Russia has as its sole foreign policy goal the promotion of national interest. At the moment, that interest is defined by Vladimir Putin, who in 2005 told the Politburo, “above all, we should acknowledge that the collapse of the Soviet Union was a major geopolitical disaster of the century.” Redressing this “geopolitical disaster” is his aim.

In most respects, Russia is a backward nation. Life expectancy is in decline; alcoholism is on the rise; the birthrate is below replacement level. The economy is reliant on primary industry -- mining, oil and natural gas. Despite outstanding mathematicians and technologists, high-tech development is virtually non-existent. In real terms, economic conditions for the average person have not improved in decades.

What gives Russia its clout are nuclear weapons, sophisticated missiles and a large standing land and sea force. That said, the Russian military machine could not stand up to U.S. forces by any expert calculation, notwithstanding retrenchment in the American defense budget.
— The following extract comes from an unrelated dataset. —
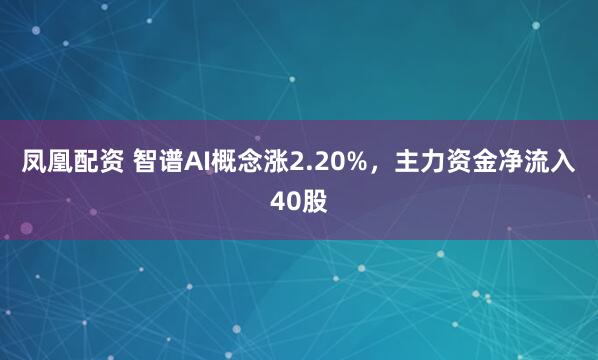 凤凰配资 智谱AI概念涨2.20%，主力资金净流入40股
This calculus, however, is predicated on the will to act when action is necessary. By any measure, Putin has Obama’s number. He senses indecision and weakness. He realizes that consequences will not follow provocative actions.

President Obama has given his enemies repeated signals that his bluster is not his policy.

His rhetoric was appropriate after Syrian President Assad’s used chemical weapons, but in the end, his policy only reinforced the Assad regime. He canceled plans for radar installations in Poland and the Czech Republic in return for Russian cooperation in the war against terror; they got what they wanted, but we did not. Members of the Muslim Brotherhood were invited to his Cairo speech, but the group has only strengthened its ties to al Qaeda, leaving Obama twisting in the wind.

The result is a Russian invasion that embarrasses the president, illustrates in graphic terms the fecklessness of Obama’s policies and undermines the prestige of the nation. This is a dark hour in our history; one that I pray can be reversed.